SLAs & Availability Guide

Every hosting provider, cloud platform, and SaaS vendor promises high uptime. The numbers sound impressive: 99.9%, 99.99%, 99.999%. But the difference between those numbers is enormous when you translate them into actual downtime minutes per year. And the gap between what a vendor promises in their SLA and what they actually deliver is often even bigger.

Understanding uptime SLAs, what they cover, what they exclude, and how to hold vendors accountable, is essential for anyone responsible for keeping a website or service available. This guide breaks down the math, the contracts, the architectures, and the monitoring practices that separate teams who hit their availability targets from those who do not.

The nines of uptime

Uptime is expressed as a percentage of total time that a service is available. The industry refers to these as "nines" because the difference between availability levels comes down to how many nines follow the decimal point. [1]
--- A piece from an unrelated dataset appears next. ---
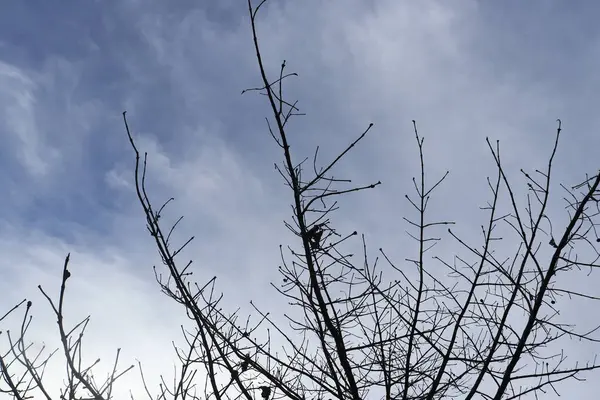 Arkaplanda Yaprakları Olmayan Bir Ağacın Silüeti Bulutlu Açık Bir Gökyüzünün — Stok fotoğraf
The jump from 99.9% to 99.99% is not a 0.09% improvement. It is a tenfold reduction in allowed downtime, from nearly 9 hours per year to under 53 minutes. Each additional nine requires exponentially more investment in infrastructure, redundancy, and operational discipline.

For a deeper breakdown with examples, see uptime nines explained and the uptime calculator.

What counts as downtime

This sounds like a simple question, but the answer varies wildly depending on who is defining it. Downtime could mean:

The server returns a 5xx error
The page takes longer than a threshold (e.g., 10 seconds) to load
The service is unreachable from one or more monitoring locations
A critical feature (like checkout or login) is broken, even if the homepage loads
Scheduled maintenance windows (some SLAs exclude these)

Your definition of downtime determines your measured availability. A vendor that excludes scheduled maintenance, single-location failures, and performance degradation from their downtime calculation will report higher availability than one that counts everything. Always read the fine print.

For calculating your own uptime, see how to calculate uptime.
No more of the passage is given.